私は2020年5月に、安倍晋三首相(当時)にそう話し、安倍氏も、主体的な安全保障体制の構築に取り掛かる、と強い意欲を示していた。しかし、途中で体調が悪化して辞任してしまった。
21年6月には、菅義偉首相(同)に話した。菅氏は、当然やらなければならないのだがコロナ問題で精いっぱいで、一段落したら取り掛かる、と約束したのだが、そのまま辞任してしまった。
そこで、岸田文雄首相である。
7月25日の午前中、官邸で岸田氏と会い、この問題をただした。岸田氏は前向きの意欲を示した。

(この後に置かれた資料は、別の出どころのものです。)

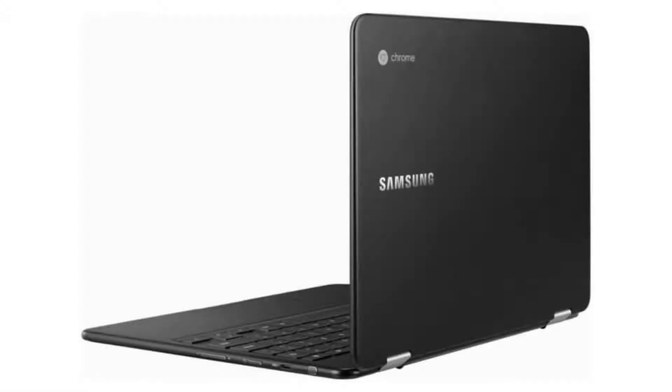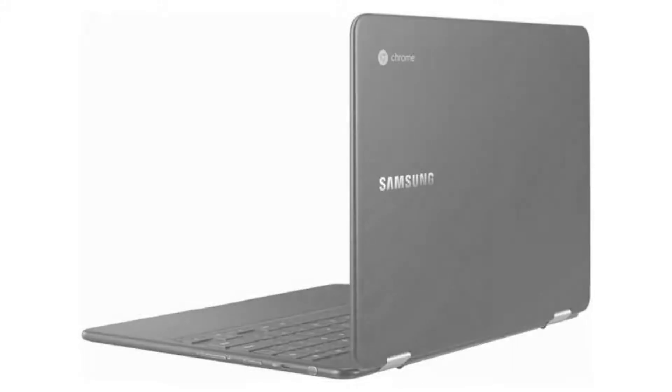Today we are looking at the Samsung Chromebook Pro. It is a beautiful, extremely powerful notebook with a decent-sized screen, not too small and not too big, perfect for everyday use and traveling.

今、憲法改正、自衛隊の明記について賛成と考える若い世代が多いと感じている。こうした傾向を決定的にしたのは、私はウクライナ戦争だと考えている。つまり、台湾有事に置き換えて考え、日本が有事になる可能性があるのだ、と自分事として捉えているのである。7月29日放送の「朝まで生テレビ!」のテーマは「安全保障」だ。出演する若い識者たちに、「憲法9条に自衛隊を明記することに賛成か、反対か」と問うことにした。原稿の執筆時点では、朝生の議論がどうなったかはわからないが、若い世代がどう考えているのか。関心は尽きない。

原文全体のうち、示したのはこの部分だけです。